Well, no -- at least not in the opinion of Gail Weggeland, the attorney in charge of the SEC's Salt Lake City office. He believes that private companies shopping for a clean shell are going to wind up with a pig in a poke.

"People who peddle shells are by and large crooks," says Weggeland. The brokers -- he charges -- are often in cahoots with the small group of investors who have the control. Asserts Weggeland: "These guys will put out the rumors about oil discoveries in Oklahoma or an exciting merger, and then sell when the stock takes off so they can get most of the benefits."

Even if the shell is apparently "clean," Weggeland warns that there may be surprises down the road. For one thing, it is generally considered a securities fraud to sell existing stock in an inflated market to raise funds for a newly organized business.

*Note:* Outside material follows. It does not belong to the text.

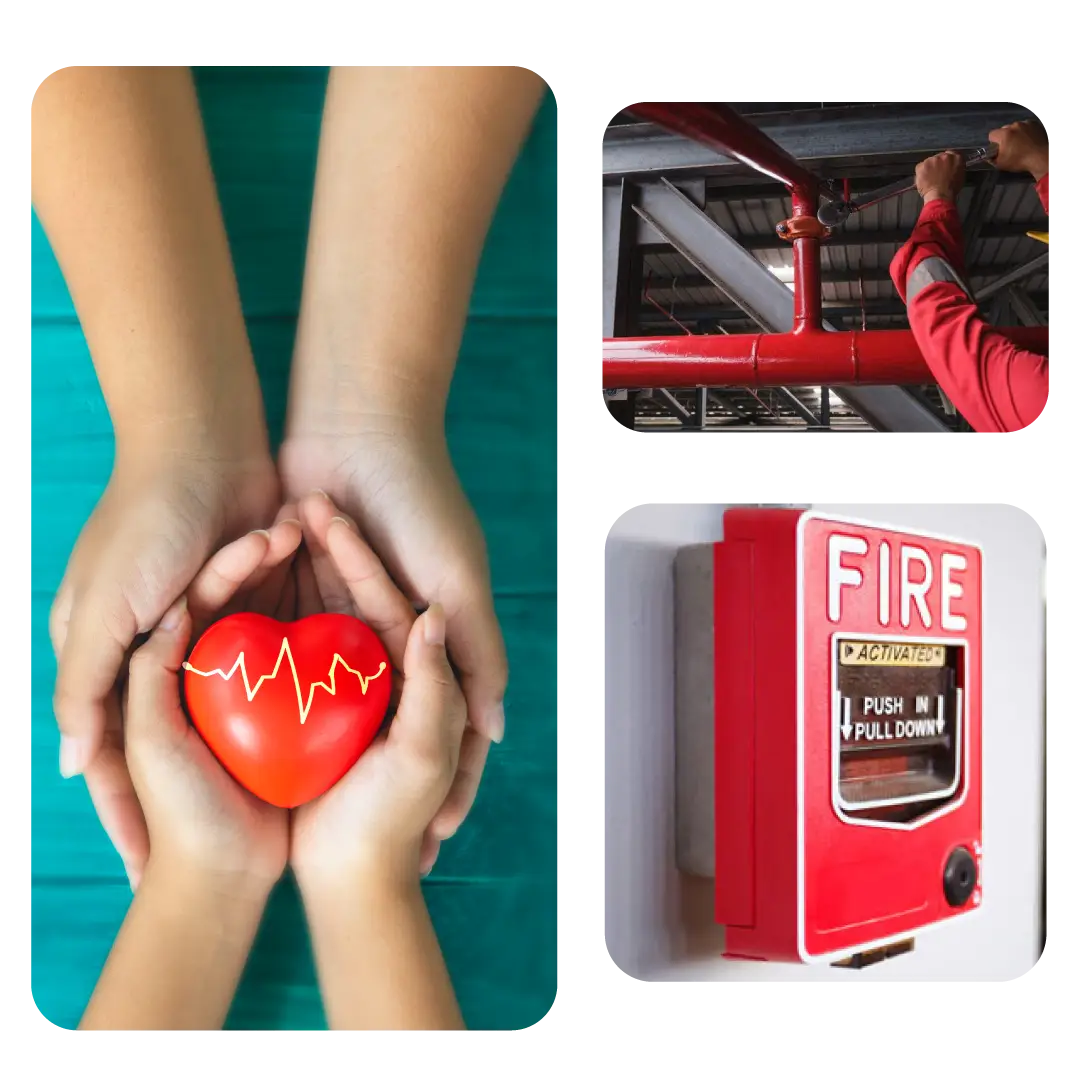 IT networking solutions UAE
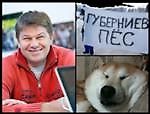 evgeny521, evgeny521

Moreover, unknown corporate records or shareholders may suddenly surface. "Merging with a shell is about as risky a corporate venture as you can imagine," the SEC attorney says. " . . . Chances are, you'll be selling your corporate birthright for a brief market flurry."

Many investment bankers share that view. "I think it's an exercise in stupidity," says Gil Mintz, founder of Broadview Associates in Fort Lee, N.J., a financial consulting firm that specializes in mergers and acquisitions solely for the computer services industry. "Within computer services, at least, it makes much more sense to go through an underwriter. After all, you need the underwriter's support in the aftermarket. You still have to hire a financial p.r. firm. So where's the advantage?"

Others aren't quite so sure. "There have been some pretty raw situations," admits John Potter, president of Potter Investment Co. in Salt Lake City. "But it's not all one-sided by any means."

Looking across the financial landscape, there do seem to be a few instances where shells have been put to nonspeculative use. Evolution Computer Systems Corp., of Orange, Calif. (see INC., October 1982, page 53), merged with a public shell in 1981, becoming Evolution Technologies Inc. in hopes of making use of the shell's losses -- if and when Evolution ever generated profits to shelter. (It didn't, and ended up filing for protection under Chapter 11.) And there have been others. Just last February, two privately held companies -- Video University Inc. of Jackson, Miss., and Video Education Inc. of Reno, Nev. -- merged with U.S. Rich Hill Minerals Inc., a Utah-based shell, which was traded over-the-counter. The new entity is called Kelwynn Inc.

"An initial public offering wouldn't have guaranteed us any kind of market following," says president and chief executive officer George Wynne, who figures he saved hundreds of thousands of dollars by going the route he did. On the other hand, he concedes that Kelwynn will have to spend some of those savings in connection with a secondary offering, which will probably come next year.

Nevertheless, he insists that, in his case, it made perfect sense to merge into a shell, and he may be right. If you are planning to sell shells, however, it is still probably a good idea to stay near the seashore.